Drawdown. The Loans were fully drawn on
May 2, 2008 and deposited in an aircraft purchase escrow
account. The
Loan with respect to each Aircraft will be released from escrow upon satisfaction of certain conditions
precedent and transfer of
an aircraft-owning entity
holding title to such
Aircraft to the relevant Borrower. If the transfer of any of
the Aircraft is not completed on or prior to October 29, 2008, then the Loan for
such Aircraft will be
withdrawn from the aircraft purchase escrow account, and such Loan plus an additional 10% in funds
to be provided by the Borrower, shall be applied to reduce the outstanding
principal balance of the Loans.
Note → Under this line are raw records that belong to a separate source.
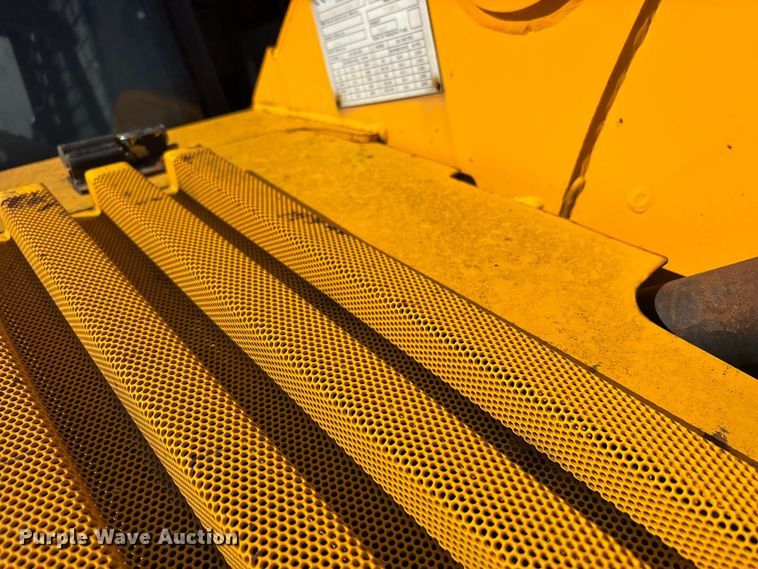 image for item FJ2011 2002 JCB 190 skid steer loader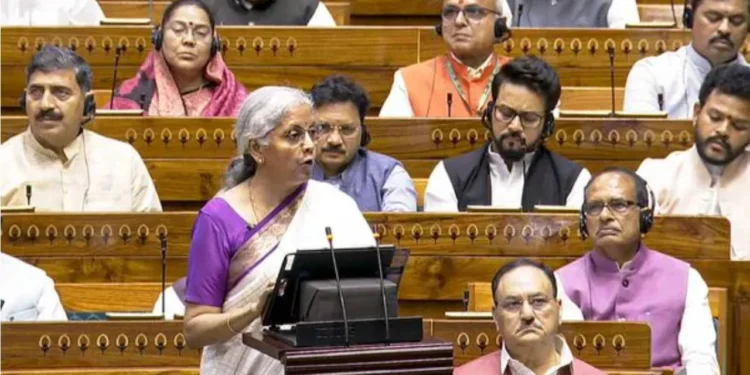 2024-25ನೇ ಕೇಂದ್ರ ಬಜೆಟ್; ಹೊಸದಾಗಿ ಉದ್ಯೋಗಕ್ಕೆ ಸೇರುವ ಯುವಕರಿಗೆ ಸರ್ಕಾರವೇ ನೀಡಲಿದೆ ಮೊದಲ 1 ತಿಂಗಳ ಪಿಎಫ್, ಹಣಕಾಸು ಸಚಿವೆ ನಿರ್ಮಲಾ ಸೀತಾರಾಮನ್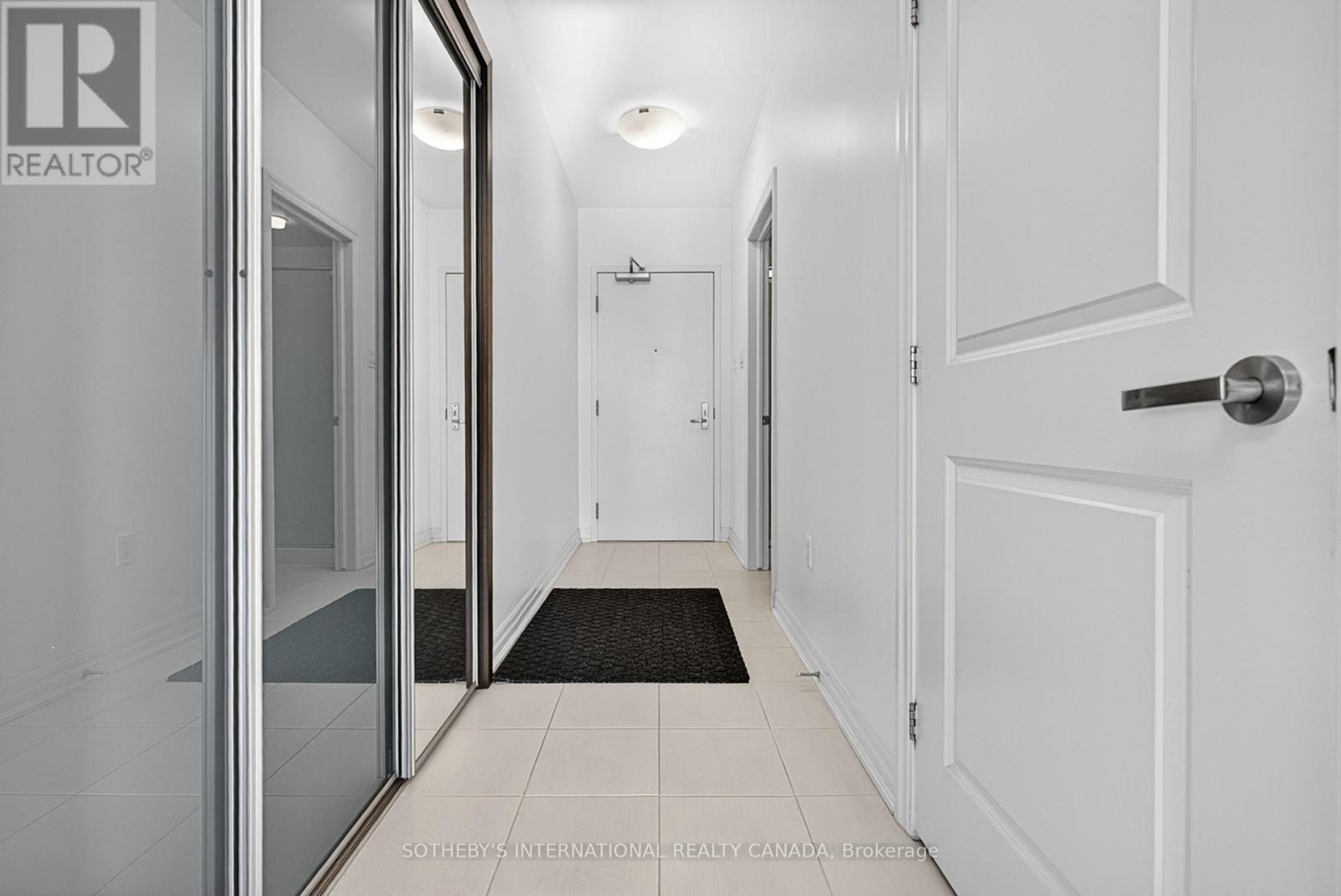Photo 10 of 1509 90 Landry Street, Ottawa ON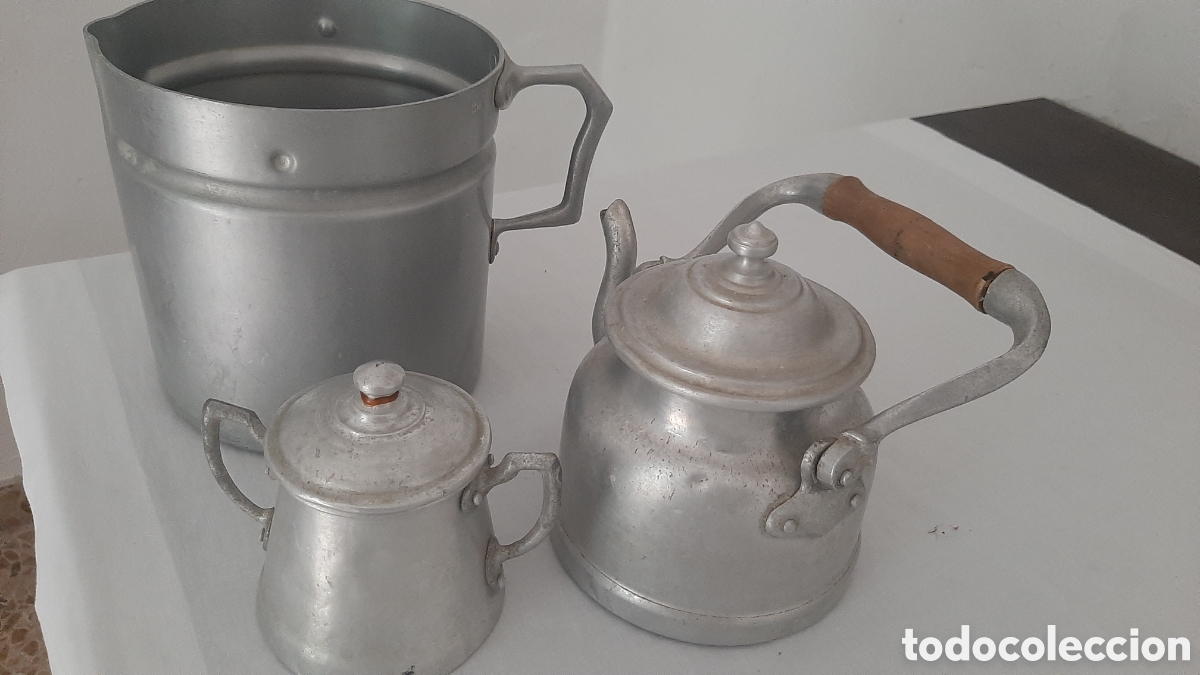 Antiques: Lote Hervidor, tetera y azucarero lat&oacute;n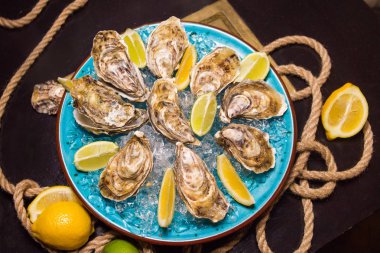 İstiridye buz ve limon ile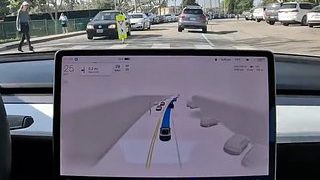 Автопилот Tesla уличили в нарушении ПДД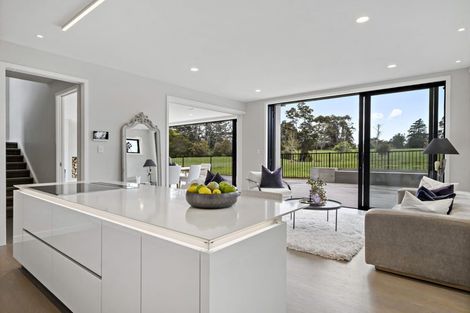 Photo of property in 14 Third Fairway Place, Albany, Auckland, 0632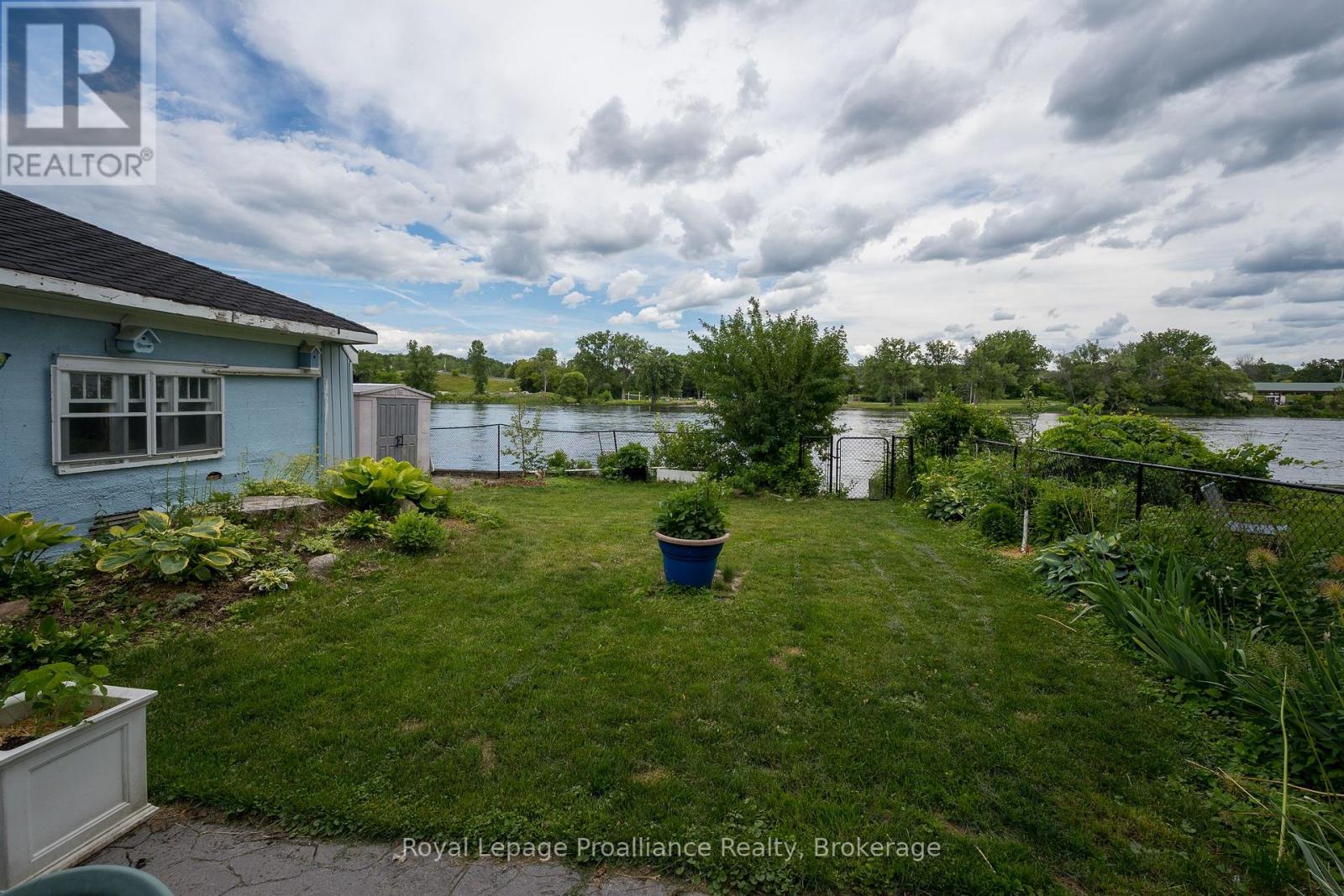 13 South Trent Street Property Photo 49
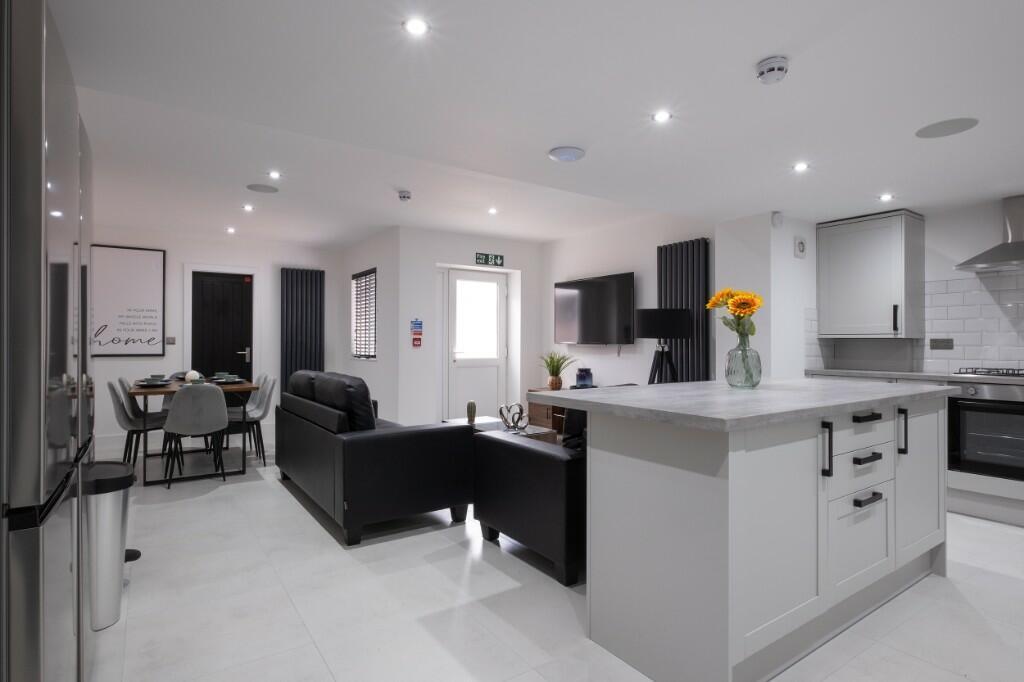 6 bed Detached for rent in Harmston. From Bric Living - Lincoln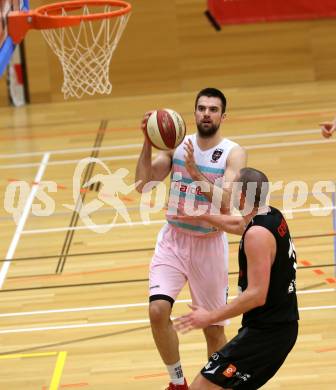 Basketball 2. Bundesliga. Grunddurchgang 6. Runde. Raiders Villach gegen BK Mattersburg Rocks.  Antonio Boban (Villach), Corey Hallett (Mattersburg). Klagenfurt, am 10.11.2018.
Foto: Kuess
---
pressefotos, pressefotografie, kuess, qs, qspictures, sport, bild, bilder, bilddatenbank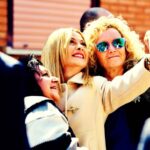 Giorgia Meloni durante un selfie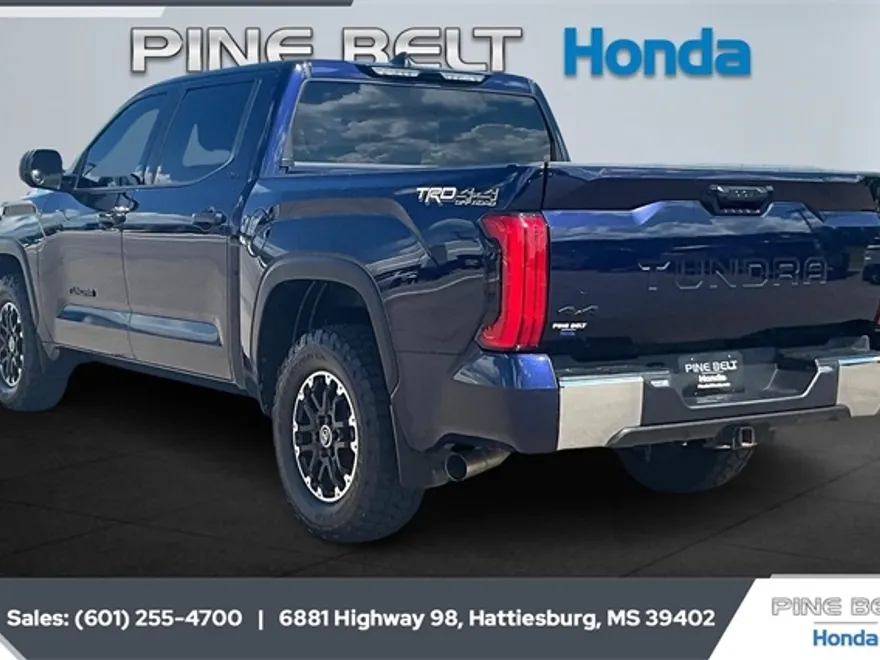 2022 Toyota Tundra SR5 photo 1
Aircastle expects to
complete the transfer of
all of the Aircraft on or prior to October 29, 2008.
Maturity
Date. The Loans will mature on May 2, 2015.
Cash
Flow
and Amortization. We have generally retained the right to receive future
cash flows from Portfolio No. 3 after the payment of claims that are senior to
our rights (“Excess Cash Flow”), including but not limited to payment
of expenses related to the Aircraft, fees of administration and fees and
expenses of service providers, interest and principal on the Loans,
amounts owed to interest
rate hedge providers and amounts, if any, owing to the liquidity provider for
previously unreimbursed advances.
We are entitled to receive Excess Cash Flow from Portfolio No. 3 until May 2, 2013, provided that the Borrowers remain
in compliance with their
obligations under the ACS 2008-1 Credit Agreement and related
documents. After that date, all Excess Cash Flow will be applied to
the prepayment of the principal balance of the Loans. We expect to refinance the
Loans on or before May 2,
2013.
The
$786.1 million aggregate amount of the Loans represents approximately 65% of the
current market half-life appraised value of Portfolio No.3, pursuant to an
appraisal conducted by an appraiser as of January 2008, and scheduled principal
amortization on the Loans during
the first
five years will
equal approximately $49 million per year.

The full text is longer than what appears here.